Did it work? It's hard to tell and might have a lot to do with what answer a person is looking for. The government says that poverty dropped from 19% to under 15% in about two years and by 1967 was starting creep back up and ended right back at 19% in a decade or two. But a new study by some economists at Columbia University states that poverty might have dropped, overall, by 40% (if you take a little bit more into consideration than what the Census Bureau totaled up).

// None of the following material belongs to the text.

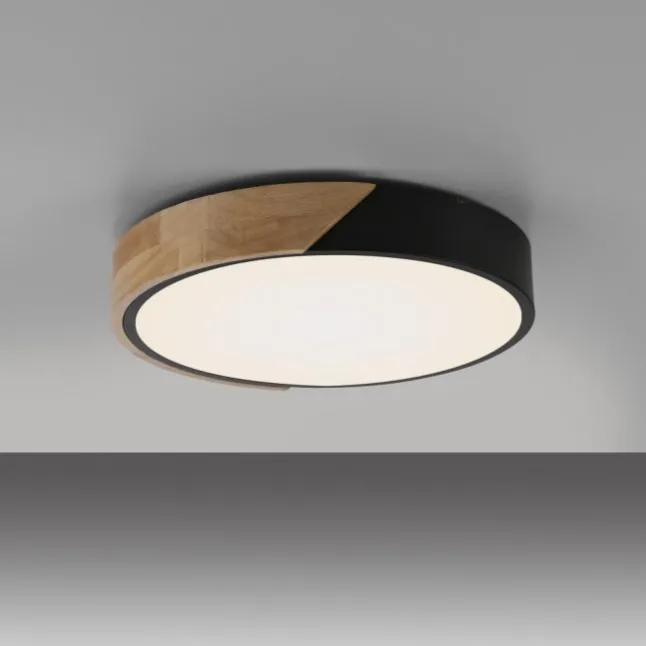 LED Deckenleuchte rund schwarz mit Holzdekor zeitloses Design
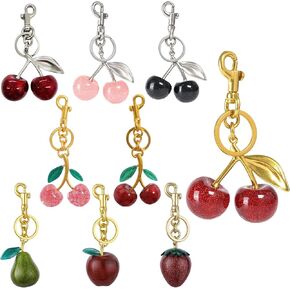 سحر حقيبة الكرز Edingm Glitter مع حلقة مفتاح ومقطع ، ملحق Cherry Keychain Charms للمحافظ ، الحقائب ، حقائب اليد للنساء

But if poverty really did start creeping back up in 1967, maybe it's because it started getting bad-mouthed by Republicans. Nixon joined that chorus and said there was "profit in poverty," which somehow justified diverting the funds of the Act to the Vietnam War. Reagan pretty much gutted the Act. Just recently, Congress cut aid to the SNAP program by $8 billion over the next ten years -- and states got so excited that they joined in with great ideas like not letting poor people buy steak or fish, cookies, energy drinks, lottery tickets or go to the movies.

America's come a long way, baby - from helping the poor to hating them. Today, almost every bullet point above is a knee-slapper, a political pipe dream.

But that doesn't take away from the courage and dignity of the Act itself. A forward-looking, compassionate and economically sane Act that was passed by a U.S. Congress. It was signed by a U.S. President. And that really happened 51 years ago this week.